500 tons of gold have been delivered to COMEX vaults in the past two months. JP Morgan is set to deliver US$4,000,000,000 in physical gold (one of the largest shipments in history). With a total of 59,296 contracts standing for delivery, breaking the June 2020 record with many speculating on who the buyers are - the U.S. Treasury, or the Federal Reserve?

COMEX Big 3 Vaults

There is a widespread discourse about a range of possibilities behind these moves in physical gold, some of which are a potential Fort Knox audit, financial giants positioning for Basel III endgame in July (or front-running Basel IV requirements), the US$9T of refinancing coming this year for the U.S. government debt, hedging for Trump tariffs, or arbitrage trading with Shanghai Gold Exchange physical settlement program.

Meanwhile, the strain on paper gold markets has many concerned about the long-running “fractional reserve gold lending” system breaking down under pressure for physical settlements amid a rapid rise in spot prices. Occasionally this market gets off balance when there’s a rush for physical gold and the way this imbalance presents itself is in the “gold lease rate”. 

If there is a need for physical gold, but whoever needs it, doesn’t want to buy it outright, for whatever reason - they can lease it. When we see a rise in the lease rates, we know that the physical gold supply is tight and getting harder to find. With the recent moves in physical gold, the gold lease rate spiked to unprecedented levels, signifying a scrambling between big players for physical gold. This is a historic move in the gold markets. 

Steep Borrowing Costs for Gold Indicates Tightness in Market - February 2025

Minor spikes can indicate an unwinding of trades where big players were incorrectly positioned in the market, but not at this speed and to this degree. The current spike suggests there could be a much bigger problem brewing. With the paper gold to physical gold ratio at about 130:1 - a temporary breakdown of this system would result in an epic scramble for physical gold, and a significant revaluation of gold prices.

These are early warning signs for what is expected from both the 18.6-year land cycle and 80-year socio-economic cycle due to converge this decade. That is, a financial crash at a centennial scale. The gold market always knows ahead of time.

While various technical and economic indicators have already validated this expectation, the gold market is firing off some serious warnings that strongly back these indicators up.

S and P 500 Index 12 Month

Stoch RSI resetting from overbought to oversold, on the yearly S&P500 chart (blue) is a technical indicator flashing red.

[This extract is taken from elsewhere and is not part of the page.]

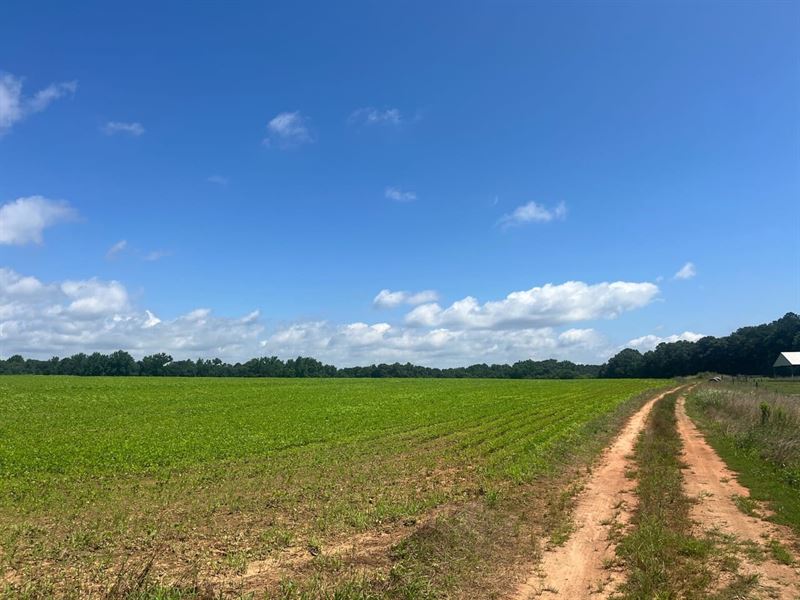 13 Forks Farm & Homesite : Elberton : Elbert County : Georgia
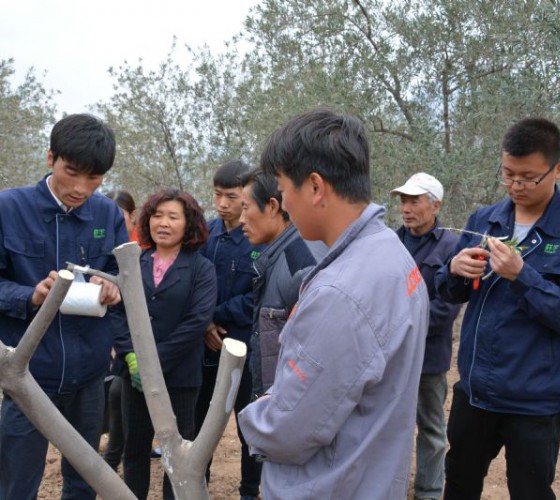 公司從產(chǎn)業(yè)鏈起始端著手，引進(jìn)良種優(yōu)苗，繁育基地苗圃，優(yōu)化樹(shù)種，以?xún)?yōu)質(zhì)的橄欖樹(shù)苗為生產(chǎn)特級(jí)初榨橄欖油提供基礎(chǔ)保障。在以自建萬(wàn)畝國(guó)家標(biāo)準(zhǔn)化油橄欖..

We see gold (orange) outperforming in these phases.

US Credit Card Laon Defaults - Office CMBS Delinquency Rate - Hiring Rate

Corporate Mortgage-Backed Securities delinquency rate at an all-time high, credit card defaults spiking to nearly 2008 levels, and the hiring rate downtrend - are some of the many economic indicators flashing red.

Finally, looking at silver we see that lease rates have spiked to 8%. India imported 2,600 tons of silver from the UAE, a significant portion of global output – and the silver futures markets have entered backwardation with a negative carry cost for future delivery - showing a scramble for physical silver to be delivered today. It appears that industrial demand, particularly from Asia, is driving this trend. All signs are pointing to the likelihood of silver becoming unobtainable as an investment asset once gold is exhausted.

The backwardation in silver suggests a potential squeeze, where demand outstrips available supply, leading to price volatility. With the Gold to Silver Ratio currently sitting over 90, and a macro technical “cup and handle” bullish pattern playing out on the silver chart, we have an exciting macro setup for silver quietly building while gold is stealing the spotlight.

As the scramble for physical gold and silver intensifies, the upcoming decade is shaping up to live up to the expectation of being a historic one for the precious metals markets as the macro trends are only just getting started.